During a dawn raid on a house in the port city of Mombasa, police shot Kassim Omollo after he defied orders to surrender and returned fire, senior police officer Thomas Sangut said.
Police arrested Omollo's wife, who gave information that led them to the home of the second suspect, Salim Mohammed Nyiro, also known as Abdullahi.
"He, too, defied and tried to draw a gun... but our officers gunned him down," Sangut said.
Police found weaponry including assault rifles, grenades, a pistol, ammunition and improvised explosive devices at the properties, Sangut said.
Kenya has suffered a series of grenade and gun attacks since it sent troops into neighboring Somalia in October 2011 in pursuit of insurgents it blames for kidnapping security personnel and Western tourists from its territory.

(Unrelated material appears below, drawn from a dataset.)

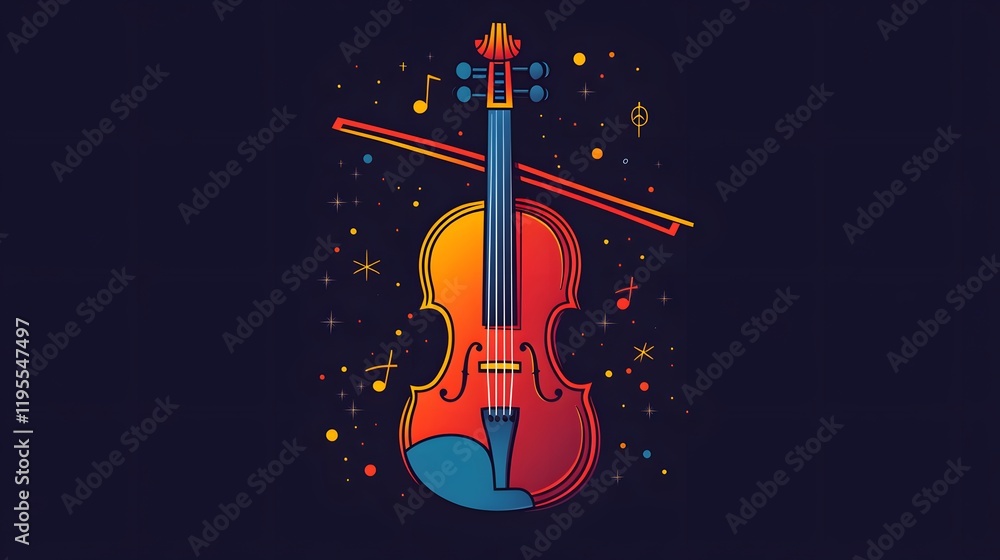 Fototapeta premium A drawing of a violin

The attacks, which have targeted the capital Nairobi, Kenya's Indian Ocean coast and its border with Somalia, have rattled investors and tourists in east Africa's biggest economy.

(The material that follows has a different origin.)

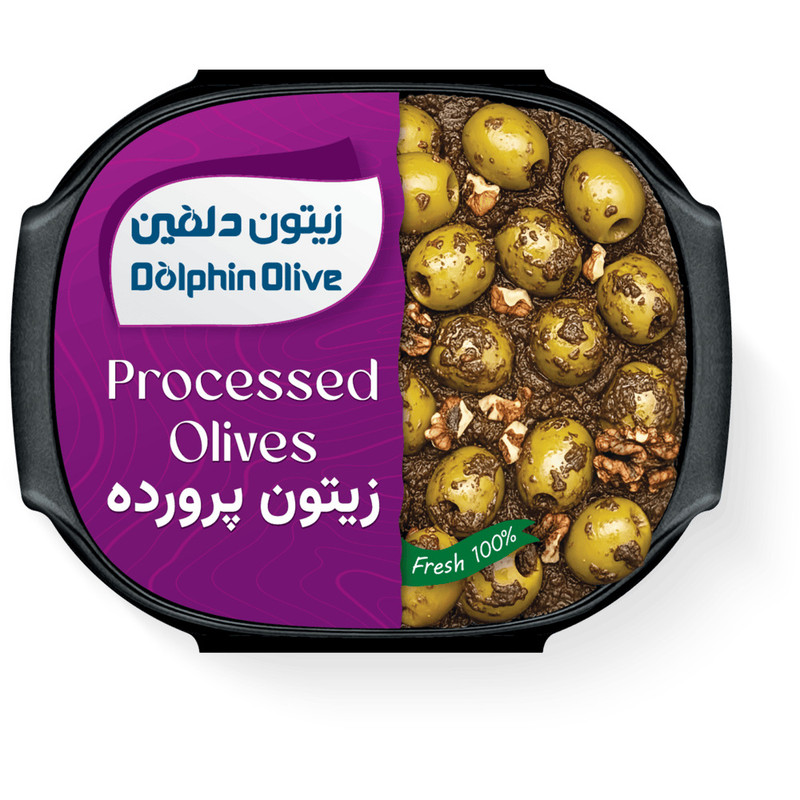 زیتون پرورده ممتاز دلفین - 150 گرم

Al Shabaab, which is linked to al Qaeda and wants to impose a strict version of Islamic law across Somalia, could not immediately be reached to comment on whether the suspects were in their ranks.
Police believe Omollo was an al Shabaab trainer and bomb-making expert and they had been trailing him for more than a year.
"He has been changing residence all the time. Today we would trace him in Kenya, tomorrow we would hear he is in Somalia. He is the main man who has been behind the radicalizing and training of Kenyan youth in Somalia," Sangut said.
"We had information that he had come back here to plan terrorist attacks in Mombasa and Nairobi."
Shabaab has been substantially weakened in the last two years, losing Mogadishu and swathes of central and southern Somalia to Kenyan troops fighting as part of an African Union force.
Rebels have managed to continue making low-level raids across the border into Kenya.